According to the Harvard report, “Given that the bulk of new construction targets the higher-cost market segment, the robust pipeline of multifamily units may lead to additional vacancy rate increases that will simultaneously help to limit rent growth for high-cost units, while likely providing less relief to renters with lower incomes.”

There are other culprits. Incomes have not risen nearly as fast as rents. According to the report,  between 2019 and 2021, median monthly rents increased 3 percent as the median income of renters dropped 2 percent. It was even worse for renters who make less than $30,000 a year; their rents rose 5 percent in the same time period while their incomes fell 6 percent.

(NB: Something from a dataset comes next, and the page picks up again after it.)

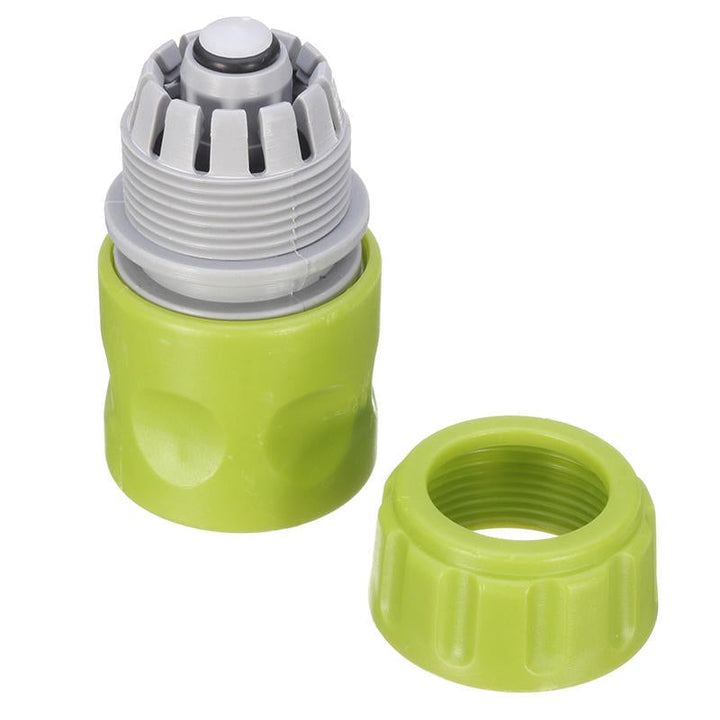 ABS Plastic Water Tap Hose Pipe Connector Quick Coupler with Stop Green Image 2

Compare this to the profits of landlords, calculated as net operating income (NOI), or what property owners have left over after paying taxes, maintenance and other costs. NOI grew 8.1 percent in the first quarter of 2023, and this was actually a stark decrease in growth from the 24.8 percent NOI growth in the second quarter of 2021, according to the report’s analysis of the NCREIF property index.

And people at the lowest end of the income spectrum often end up paying different types of “poverty taxes,” as landlords overcharge tenants, deeming them high-risk, as research has shown.

While apartment construction was at a peak, new single family home construction slowed down in 2022, largely due to the federal reserve’s decision to raise interest rates and make it more difficult for developers to borrow money. 

The economic situation has been working out for corporate investors, though, and their overall share of the housing market has grown. According to the report, “the share of rental properties owned by non-individual investors increased by 9 percentage points over the past two decades to 27 percent in 2021.” About two-thirds of properties with 5 to 24 units are now owned by corporate investors. Research from the National Low-Income Housing Coalition found increased investor purchases led to more evictions.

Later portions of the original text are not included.